Un constat déjà pointé du doigt en 2010 par Pierre Cahuc et Stéphane Carcillo. Selon les deux économistes, si le nombre d'heures supplémentaires payées a certes progressé de 25% depuis 2007, la durée du travail, c'est à dire finalement le nombre d'heures travaillées, n'a pas bougé. Ils en concluent que la défiscalisation des heures supplémentaires est en réalité un outil d'optimisation fiscale pour les entreprises. Un avis que partagent les deux auteurs du rapport. Véritable aubaine, l'exonération de charges patronales sur les heures supplémentaires rapporte en moyenne 1,3 milliard d'euros par an aux entreprises. Or "l’heure supplémentaire est par principe l’heure où la marge de l’entreprise est maximale", explique Jean-Pierre Gorges, "car les coûts fixes de l’employeur sont déjà amortis sur les heures normales".

Alimenter les débats de la présidentielle

Les deux députés proposent donc de supprimer cet avantage pour les entreprises et de réaffecter le gain au subventionnement des premières embauches (des jeunes ou des chômeurs). Sur les autres préconisations, en revanche, les auteurs du rapport divergent. L'UMP Jean-Pierre Gorges est pour le maintien des avantages fiscaux et sociaux en faveur des salariés. Il demande à laisser une chance au dispositif de faire ses preuves en période de croissance. Le socialiste Jean Mallot souhaite, lui, une suppression pure et simple de cette mesure, et propose de réaffecter son coût au financement de 300.000 emplois jeunes.

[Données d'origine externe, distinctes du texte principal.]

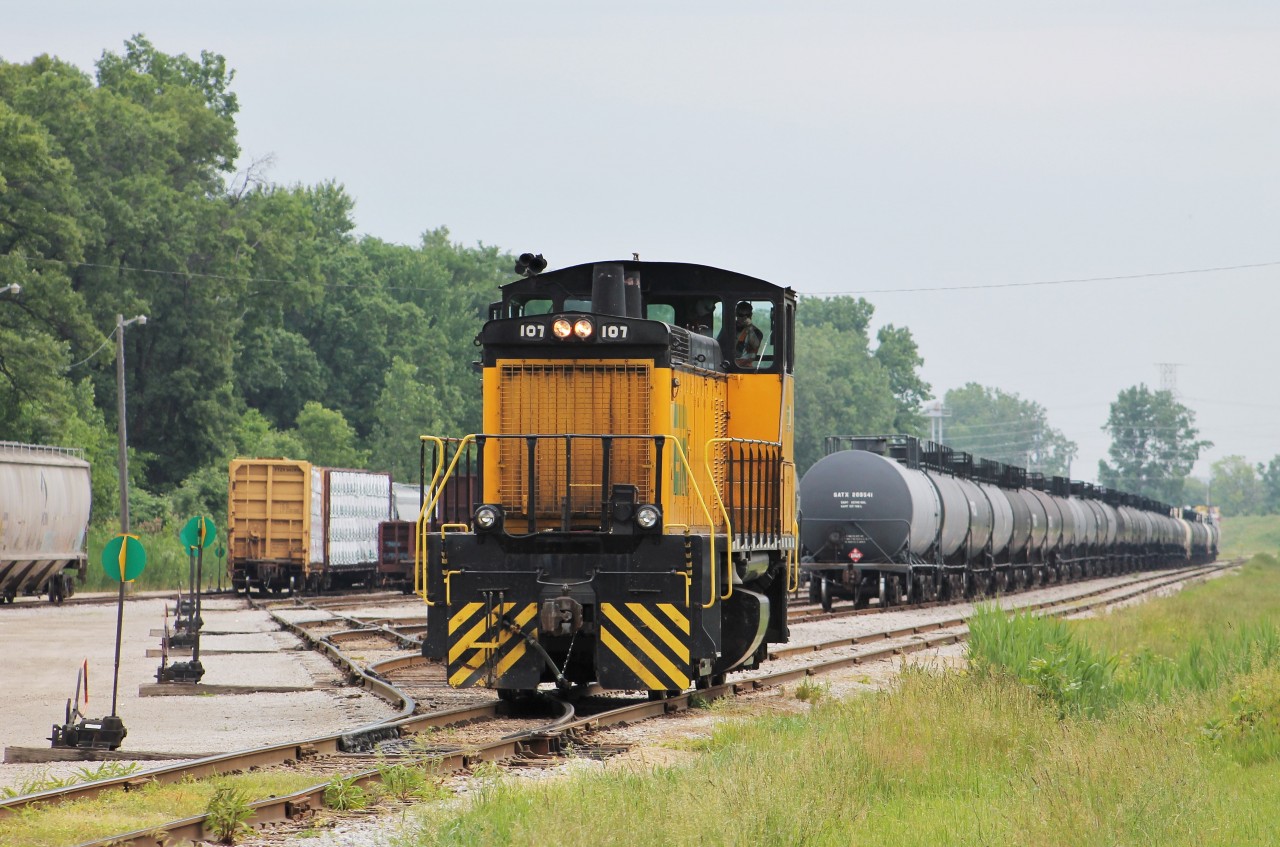 An ETR crew has just finished doing their work in Ojibway Yard on Windsor's west end and are preparing to grab a cut of cars to interchange with CP and CN before calling it a day. The conductor on duty was having fun watching us "foamers" taking photos while they started to head down to the other end of the yard.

Ce rapport a pour ambition d'être un outil de travail pour les parlementaires en vue des débats de l'automne sur le budget 2012. Il offrira de la matière aux députés et sénateurs qui voudront amender le projet de loi de finances présenté par le gouvernement. Il sera aussi, et surtout, l'objet de débats pour la présidentielle de 2012. Car à n'en pas douter, le pouvoir d'achat, le coût du travail et les 35 heures seront au cœur des affrontements entre la droite et la gauche pendant la campagne.

(Source : L'Expansion)


NDLR : Le rapport a soigneusement occulté le fait que, dans le contexte actuel, ce dispositif nuit gravement à l'emploi ! Car, par exemple, les 175 millions d'heures supplémentaires totalisées au cours du seul premier trimestre 2011 représentent l'équivalent de 382.000 postes à temps plein. Autrement dit, si on n'en avait effectué que la moitié et embauché des jeunes et des chômeurs, on aurait pu combler la moitié du retard pour revenir au niveau d'emploi d'avant crise...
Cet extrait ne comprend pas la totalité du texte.